Directions »
Task for the records below: please retype exactly and only the lines from the first through the one with "Rolex - Pre-owned", with every picture omitted.

----

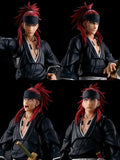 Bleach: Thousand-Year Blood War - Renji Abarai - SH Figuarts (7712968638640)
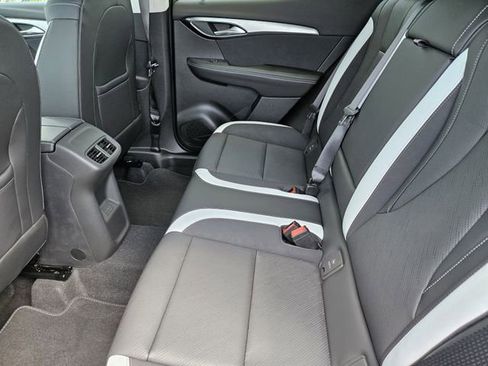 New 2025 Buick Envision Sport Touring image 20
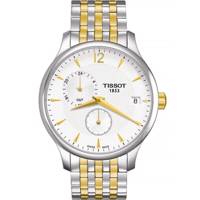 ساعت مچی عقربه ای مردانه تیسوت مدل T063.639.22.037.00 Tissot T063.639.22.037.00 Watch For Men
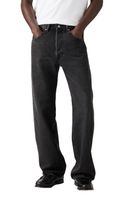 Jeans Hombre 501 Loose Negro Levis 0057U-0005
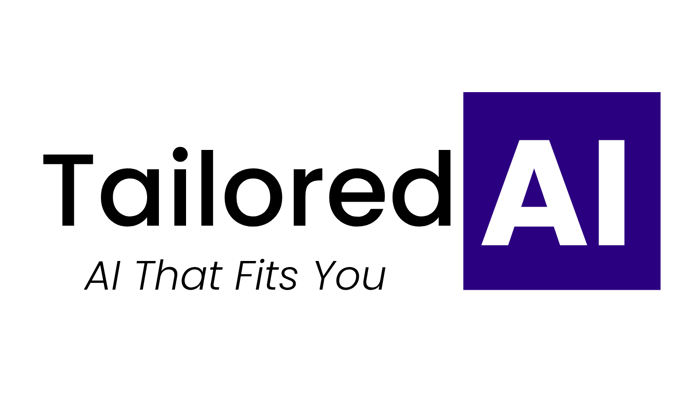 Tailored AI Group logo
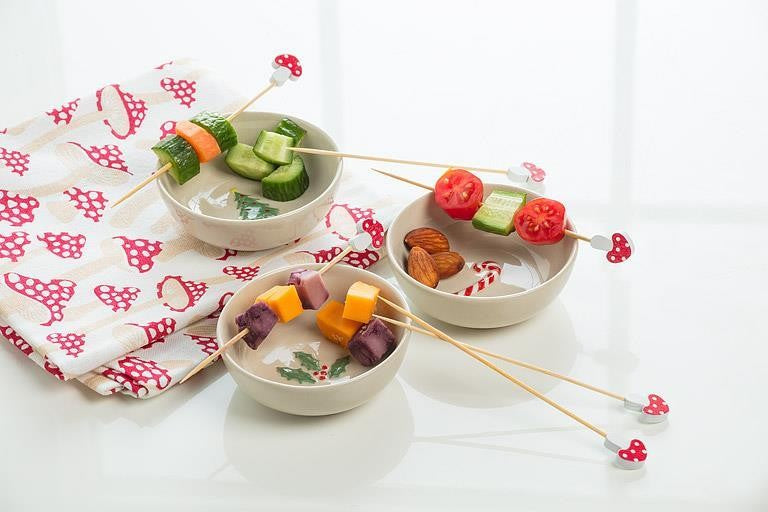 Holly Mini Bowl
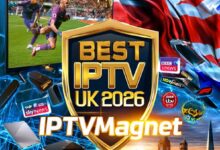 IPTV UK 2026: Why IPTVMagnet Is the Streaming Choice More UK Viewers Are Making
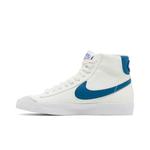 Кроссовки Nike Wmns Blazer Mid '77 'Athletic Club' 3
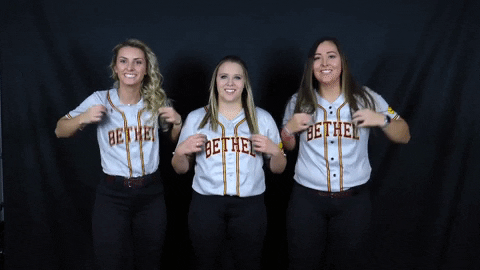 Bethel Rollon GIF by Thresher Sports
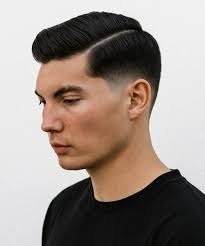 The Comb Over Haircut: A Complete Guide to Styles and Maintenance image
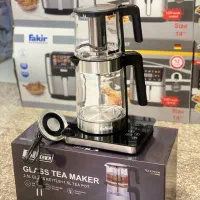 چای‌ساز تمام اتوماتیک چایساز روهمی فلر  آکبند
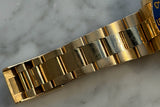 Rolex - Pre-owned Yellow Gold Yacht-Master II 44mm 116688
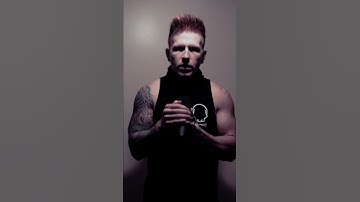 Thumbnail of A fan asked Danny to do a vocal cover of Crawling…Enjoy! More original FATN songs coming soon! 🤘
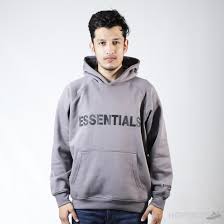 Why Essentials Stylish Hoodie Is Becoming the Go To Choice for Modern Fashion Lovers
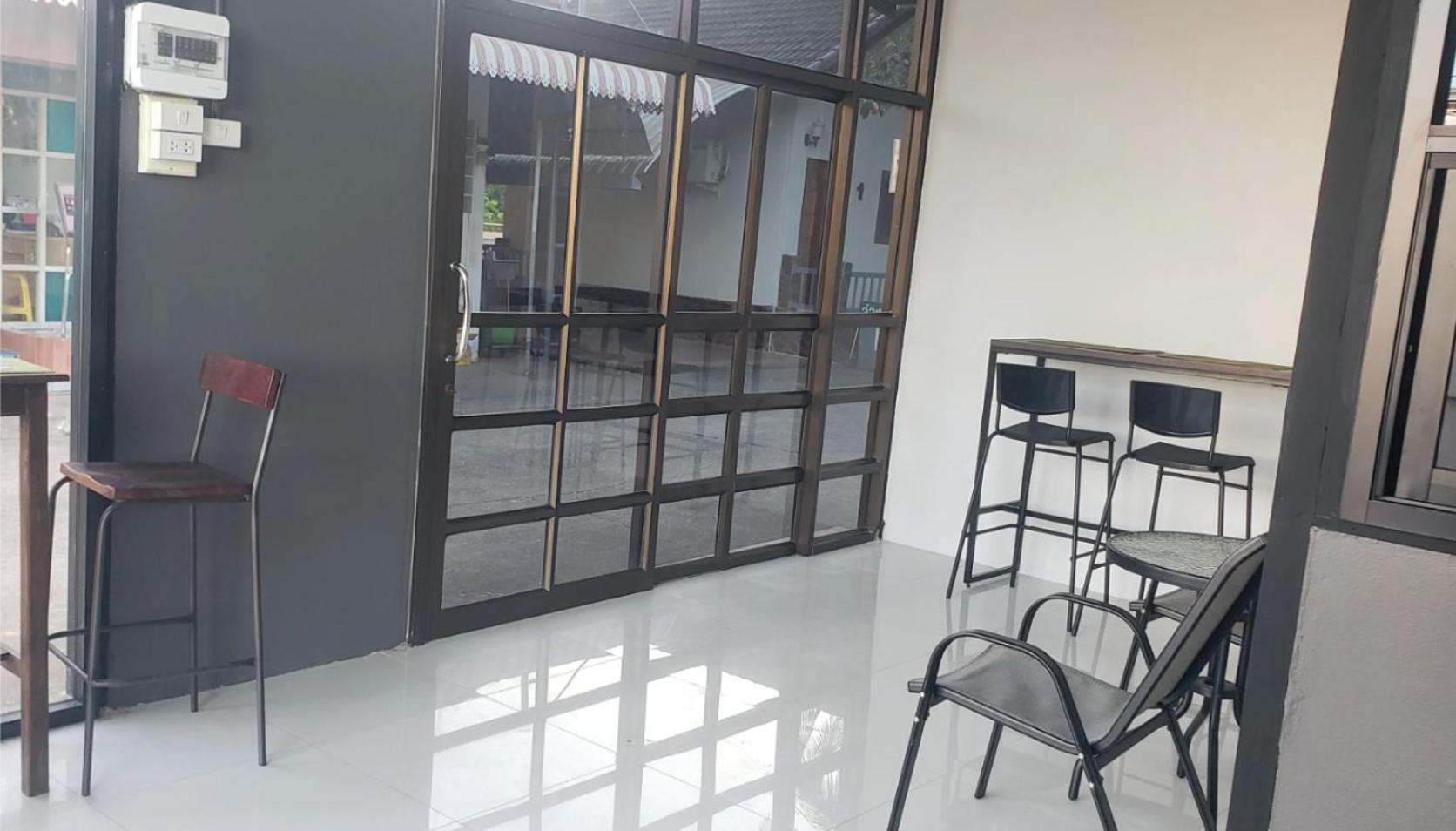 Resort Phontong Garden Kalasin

----

Exercise solution »
 Bleach: Thousand-Year Blood War - Renji Abarai - SH Figuarts (7712968638640)
 New 2025 Buick Envision Sport Touring image 20
 ساعت مچی عقربه ای مردانه تیسوت مدل T063.639.22.037.00 Tissot T063.639.22.037.00 Watch For Men
 Jeans Hombre 501 Loose Negro Levis 0057U-0005
 Tailored AI Group logo
 Holly Mini Bowl
 IPTV UK 2026: Why IPTVMagnet Is the Streaming Choice More UK Viewers Are Making
 Кроссовки Nike Wmns Blazer Mid '77 'Athletic Club' 3
 Bethel Rollon GIF by Thresher Sports
 The Comb Over Haircut: A Complete Guide to Styles and Maintenance image
 چای‌ساز تمام اتوماتیک چایساز روهمی فلر  آکبند
 Rolex - Pre-owned Yellow Gold Yacht-Master II 44mm 116688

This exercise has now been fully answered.